#### WHAT THE EXERCISE ASKS:
Only one span of the material below is wanted. Output it exactly, from the line with "HUGO T-Shirt Delanor" through the line with "Double Use Photovoltaic", without any pictures.

[DATA FOR THIS TASK]

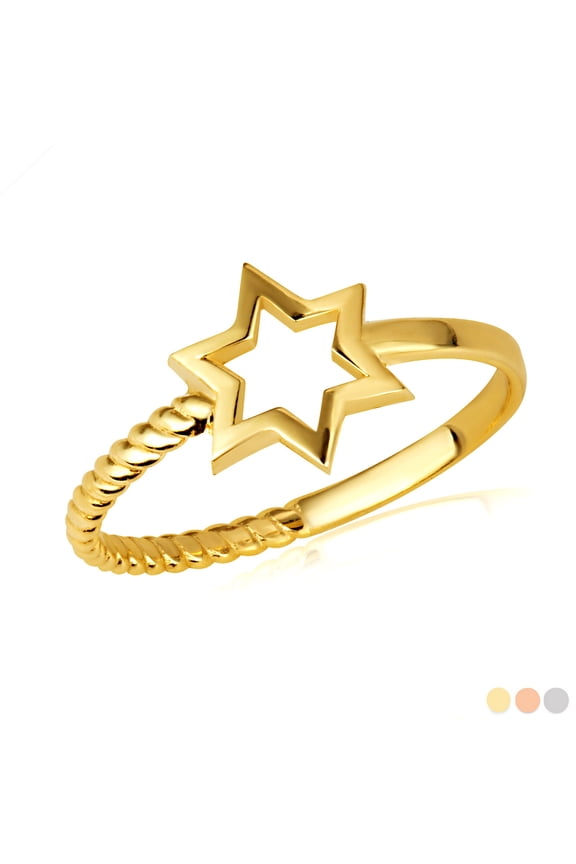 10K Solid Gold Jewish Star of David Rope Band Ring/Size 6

[/DATA FOR THIS TASK]
[DATA FOR THIS TASK]

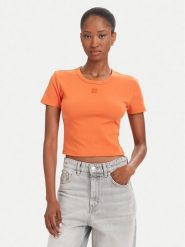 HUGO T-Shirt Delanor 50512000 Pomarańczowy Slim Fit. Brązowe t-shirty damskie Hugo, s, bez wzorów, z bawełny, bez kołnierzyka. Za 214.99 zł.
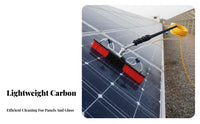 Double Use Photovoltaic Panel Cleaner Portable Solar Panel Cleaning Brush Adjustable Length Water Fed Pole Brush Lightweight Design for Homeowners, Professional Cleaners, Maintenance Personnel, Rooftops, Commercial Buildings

[/DATA FOR THIS TASK]
[DATA FOR THIS TASK]

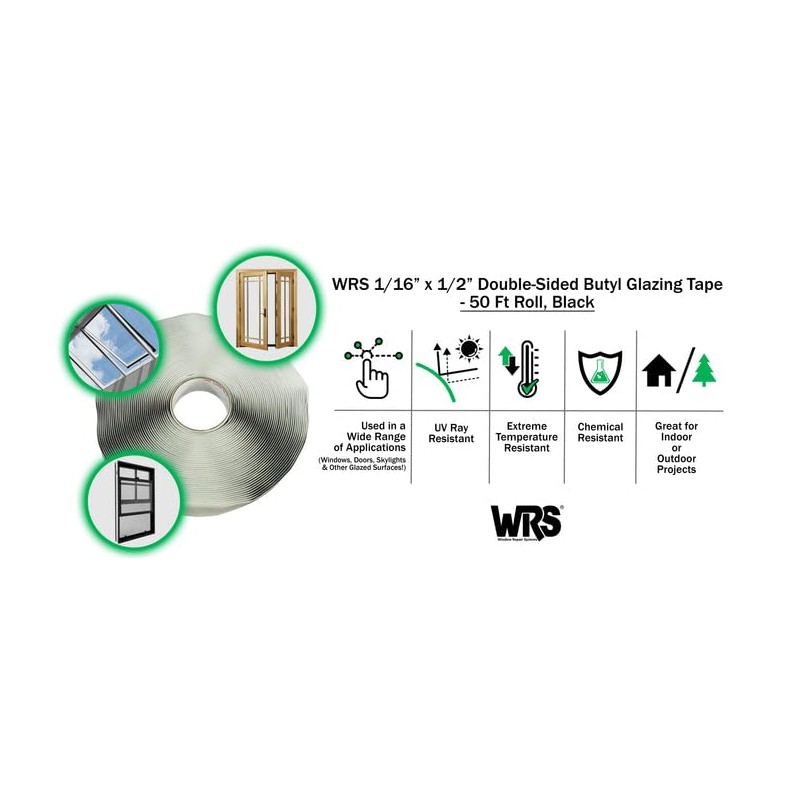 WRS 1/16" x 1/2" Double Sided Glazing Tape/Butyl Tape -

[/DATA FOR THIS TASK]

#### SOLUTION:
 HUGO T-Shirt Delanor 50512000 Pomarańczowy Slim Fit. Brązowe t-shirty damskie Hugo, s, bez wzorów, z bawełny, bez kołnierzyka. Za 214.99 zł.
 Double Use Photovoltaic Panel Cleaner Portable Solar Panel Cleaning Brush Adjustable Length Water Fed Pole Brush Lightweight Design for Homeowners, Professional Cleaners, Maintenance Personnel, Rooftops, Commercial Buildings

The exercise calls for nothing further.